Dortmund - München 21, Dortmund 7. Von einem Duell auf Augenhöhe kann diesmal wahrlich keine Rede sein. Und doch elektrisiert das Duell der Branchenführer auch diesmal die Massen - trotz des bereits komfortablen Punktvorsprungs der Bayern.

Anders als in den vorigen Jahren reist der BVB nicht als ärgster Widersacher des Rekordmeisters, sondern als Tabellen-15. an. Im Fall einer weiteren Niederlage droht dem Revierclub die schlechteste Auftaktbilanz seiner Bundesliga-Geschichte. Selbst in der Abstiegssaison 1971/72 war die Ausbeute nach zehn Spieltagen besser.

Dieses mögliche Negativ-Szenario blendeten alle Beteiligten vor der Reise nach München wohlweislich aus. "Wir werden es allen noch zeigen und damit am Samstag anfangen. Wir wollen die Bayern ärgern", tönte Weltmeister Kevin Großkreutz.

Noch ist der Glaube an die eigene Stärke nicht erloschen - auch nach zuletzt vier Bundesliga-Niederlagen nicht. "Wir sind Borussia Dortmund und haben immer noch eine enorme Qualität. Dieses Selbstvertrauen müssen wir auch wieder auf dem Platz ausstrahlen", sagte Routinier Sebastian Kehl den "Ruhr Nachrichten".
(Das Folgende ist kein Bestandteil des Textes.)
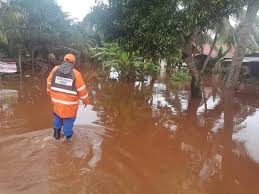 Pdf arahan no 20 dasar dan mekanisme pengurusan bencana negara adie ismadi academia edu. Voice 619 Mangsa Banjir Di 3 Daerah Johor Bahru Facebook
Das 3:0 im Pokal am Dienstag beim Zweitligisten St. Pauli werteten alle Beteiligten als Mutmacher. Zumindest in der ersten Halbzeit schöpfte der zu Saisonbeginn mit über 50 Millionen Euro aufgerüstete Kader sein zuletzt auf nationaler Ebene brachliegendes Potenzial wieder halbwegs aus.

Das bestärkte Jürgen Klopp in seinem Glauben an eine Trendwende. "Dass die Bayern einen außergewöhnlichen Kader haben, bekommt die restliche Fußball-Welt derzeit alle vier Tage zu spüren. Aber jede Mannschaft ist schlagbar", sagte der BVB-Trainer. Er stellte erbitterte Gegenwehr seiner Profis in Aussicht: "Wir wollen alles geben, ohne vorherige Kampfansagen. Die stehen uns in unserer derzeitigen Situation nicht zu. Aber ein bisschen was geht immer."

Hoffnung macht zudem die jüngste Bilanz. Immerhin gab es in den vergangenen vier Bundesliga-Spielzeiten beim FC Bayern beachtliche drei Siege für den BVB und ein Remis. "In München haben wir zuletzt häufig ganz gut ausgesehen. Wenn die kompakt auftreten, haben wir eine Chance", sagte Kehl.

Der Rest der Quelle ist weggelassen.